Hey,
I wanted to let an animation play once from the start and the loop the last 20% a few times.
I use the following line.
animator.Play(“myAnimation”, 0, 0.80f);
This is causing issues because the States OnStateEnter() function gets called each time it loops.
I try get around this by doing the at the top of OnStateEnter()
if (currAnimLoop != 0)
return;//skip OnStateEnter while you are looping.
I’d recommend not using state machine behaviours’ OnStateEnter/OnStateExit, because them getting called has very little to do with if the state’s getting entered and exited, as you’ve discovered.
I think you’re better off solving this in the Animator/State Machine itself, rather than trying to hack it through code. Create a state that is just the last 20% of the animation and one that is the first 80%. Transition straight from the 80% to the 20% in normal case, but have that 20% state loop under whatever circumstances you deem fit.

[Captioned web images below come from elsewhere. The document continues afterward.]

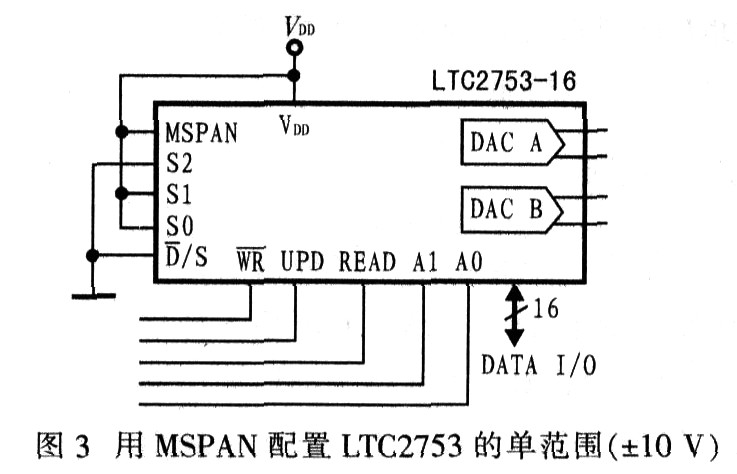 用MSPAN配置LTC2753的單范圍
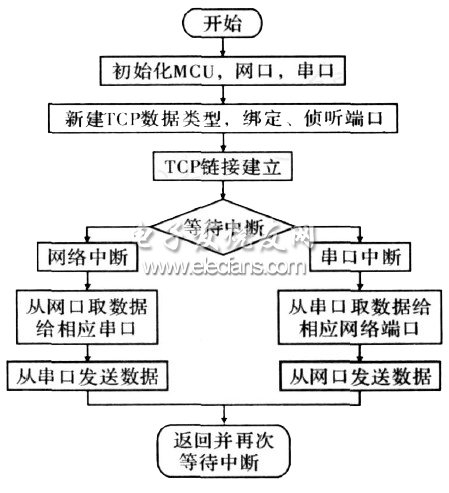 云服务器购买流程图(云服务器购买流程图片)，云服务器购买流程图详解及图片指南 第2张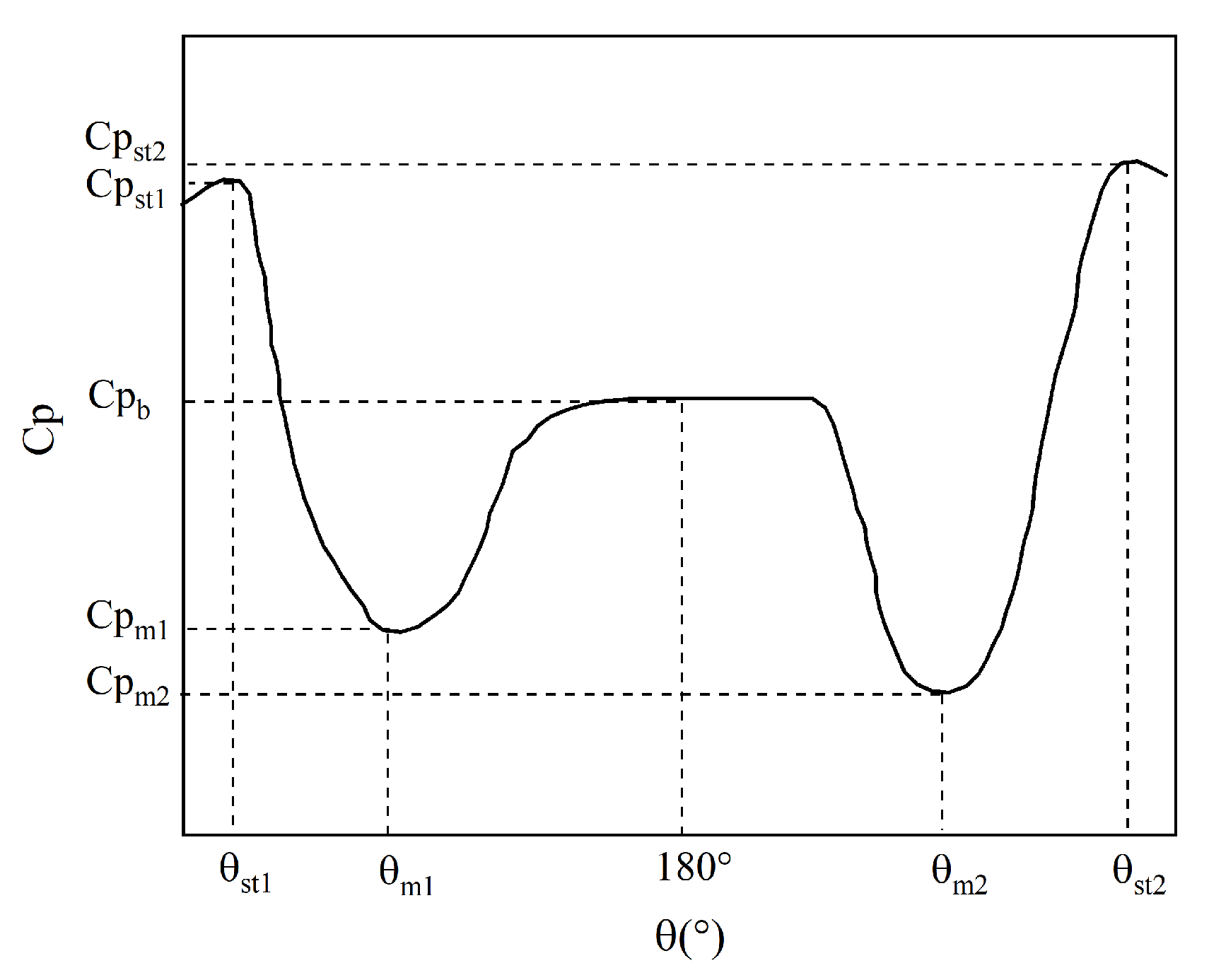 Applsci 12 11835 g021 Applsci 12 11835 g021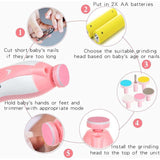 Electric Baby Nail Trimmer – Gentle 6-in-1 Care | Babyova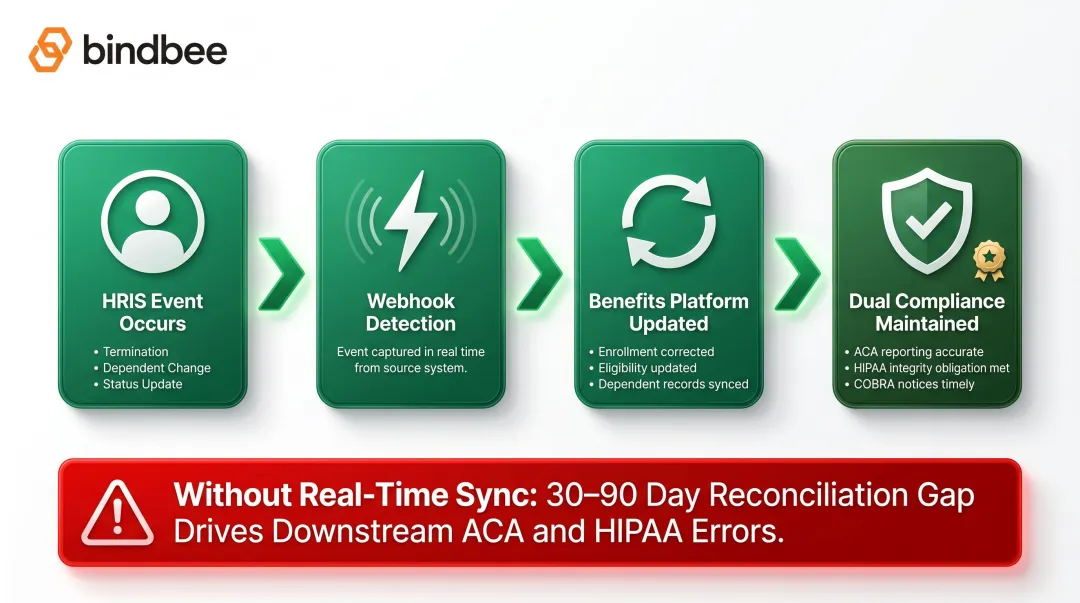 Real-time benefits data compliance workflow from HRIS event detection to ACA HIPAA accuracy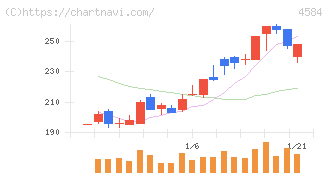 キッズウェル・バイオ(4584)の日足チャート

Agree with Praetor, but let me add this: on import you can import the animation as two separate clips, one from 0 to 80%, the other from 80% to 100%… make 2 mecanim states, one for the first part, one for the last part and loop the last part, and put no transition time or overlap between them. If there’s a hiccup, play with the import boundaries until it works smoothly.
I just refamiliarized myself with this because I am planning to use it in the very near future… it works flawlessly, but it can be touchy to set up. I set it up with a Blender3D object so I included that example below. You’d need to install Blender3D if you wanna import it.
Here’s the Blender3D timeline view of the animation span, and it loops at frame 50:
Here’s the Unity3D model importer view, which is zero-based instead of 1-based like Blender:
And the project is attached as a .unitypackage and scene and controller and all the animation setup.
Again, you will NEED Blender3D if you want to see this, otherwise nothing will import.